Hier matin, l'officier qui me tenait prisonnier m'annonça qu'il allait me conduire à Lublin, pour me remettre à son commandant.

Depuis que j'étais sous sa garde, j'avais refusé toute espèce de nourriture: il me pressa de prendre quelque chose avant de partir.

Dès les huit heures, nous tînmes la route de Lublin.

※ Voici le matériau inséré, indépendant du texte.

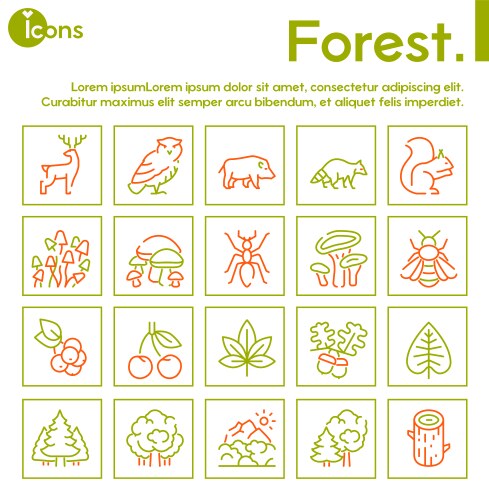 color linear icon set forest objects vector image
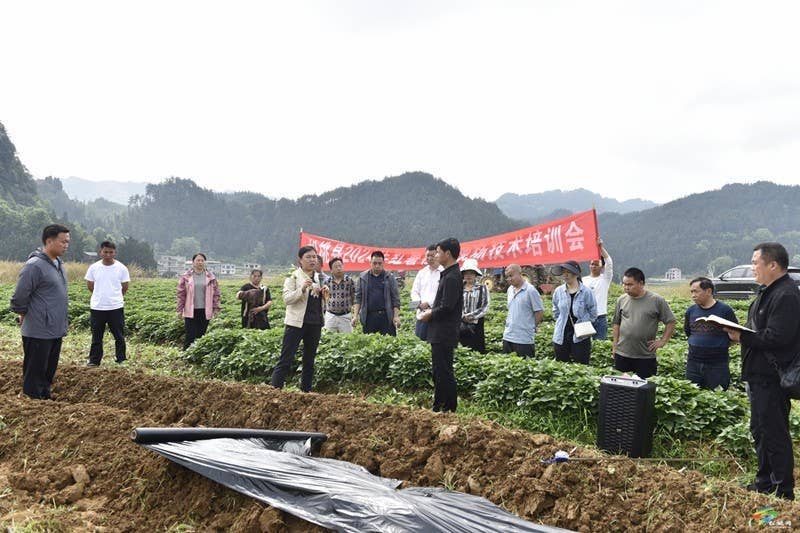【奋进的春天】松桃举办红薯产业发展移栽技术现场培训会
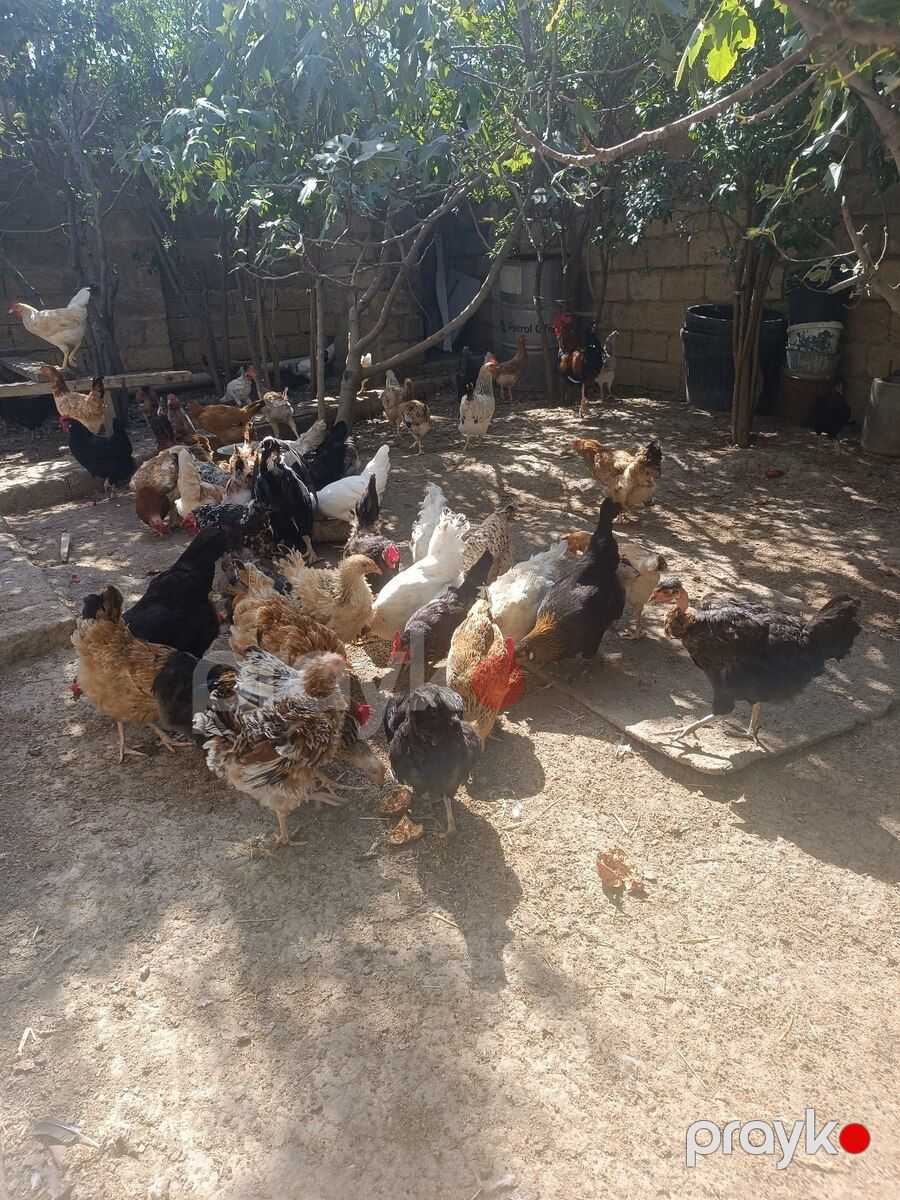 Toyuqlar — Quşlar, Bakı (3)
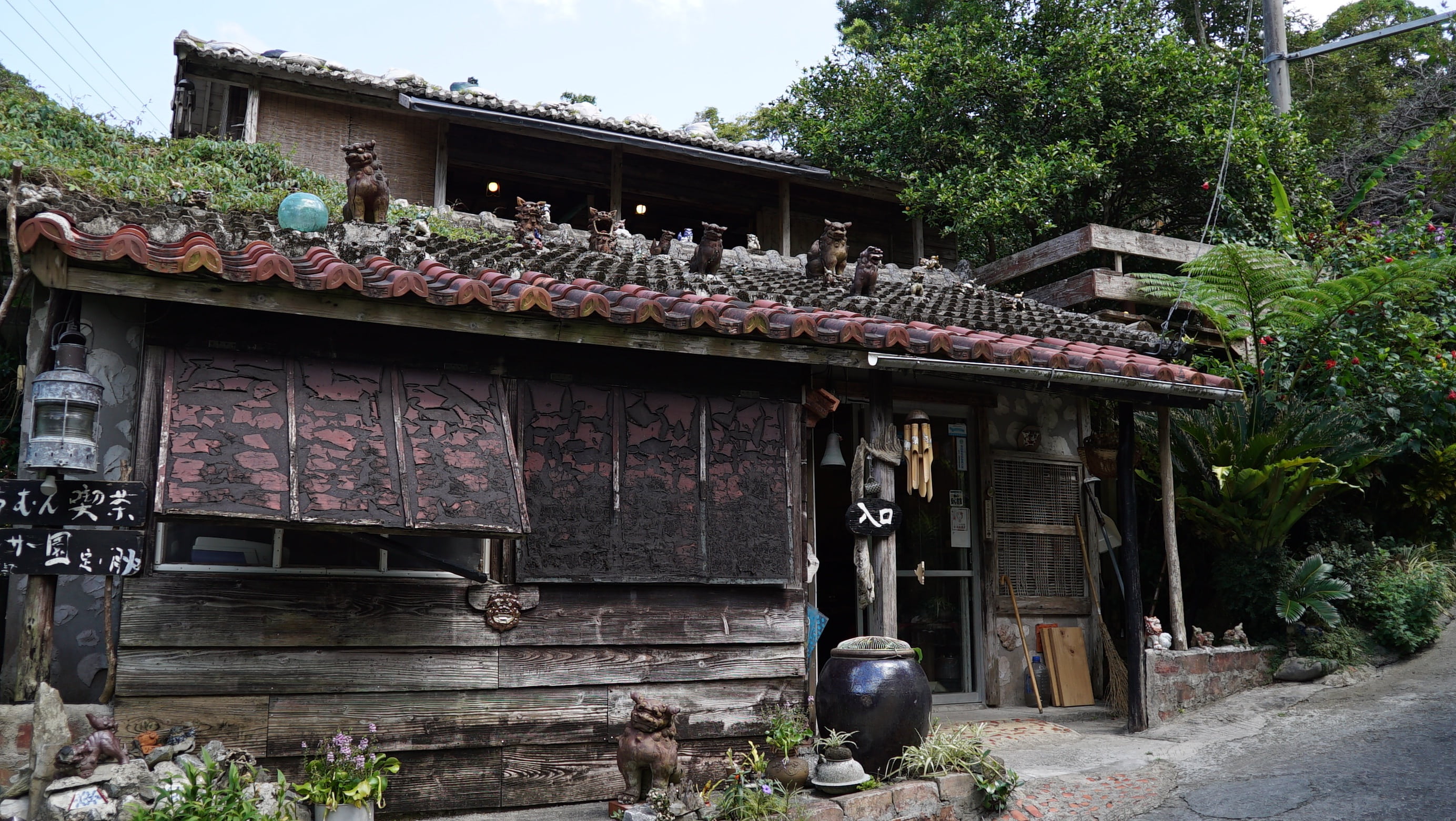 okinawa, cafe, zenzai, architecture, plant, built structure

Comme nous traversions un petit taillis, en tournant un coude que fait le chemin, nous aperçûmes à quelque distance une troupe à cheval: mes Russes s'arrêtèrent tout court; ils reconnurent l'uniforme ennemi, prirent la fuite et me laissèrent avec celui dont j'avais la monture.

Bientôt je me vis entouré d'une troupe de confédérés. C'était le Palatin de Mazovie avec ses gens, qui revenait de l'armée.

Il s'avance vers moi, me reconnaît, et n'est pas moins surpris de cette rencontre, que j'en étais charmé.

Après le récit de mon aventure, il se félicite d'être mon libérateur. Il me demanda si j'allais rejoindre mon corps. Je lui avouai que ce n'était pas là mon dessein.

—Hé quoi, reprit-il, abandonnez-vous ainsi votre père?

—Mon père est en Turquie, où il n'a pas besoin de moi, et où il n'a que faire lui-même: plût au ciel qu'il n'eût jamais songé à prendre part aux dissensions qui désolent ce malheureux pays!

—Vous ne savez donc pas qu'il est de retour et qu'il a rejoint son parti?

—Non vraiment.

—Étonné de ne pas vous trouver, il craignait que vous ne fussiez resté sur le carreau dans quelque affaire; mais ayant appris que vous vous étiez retiré, il a témoigné beaucoup de mécontentement.

—Je le crois.

—Je voudrais n'avoir rien d'autre à vous apprendre, mais quelque désagréable qu'il soit d'annoncer de fâcheuses nouvelles, je dois encore vous dire que deux jours après son arrivée, il s'est trouvé dans un léger engagement où il a reçu une assez grande blessure, qui n'aura cependant point de mauvaises suites. Lors de mon départ, il s'est retiré à Derasnia, et doit y rester jusqu'à ce qu'il soit rétabli.

Cette nouvelle qui probablement ne m'eût pas fort affecté il y a cinq mois, me jeta dans de vives alarmes. Il m'importait assez peu que mon père désapprouvât ma conduite, mais je ne pouvais supporter l'idée qu'il fût en danger, et je me déterminai sur-le-champ à l'aller joindre.

Que le cœur humain est un mystère profond! Il me semble que je sens pour mon père un attachement qui ne m'était pas ordinaire: à mesure que mes amis me sont enlevés, ma tendresse se resserre sur ceux qui me restent.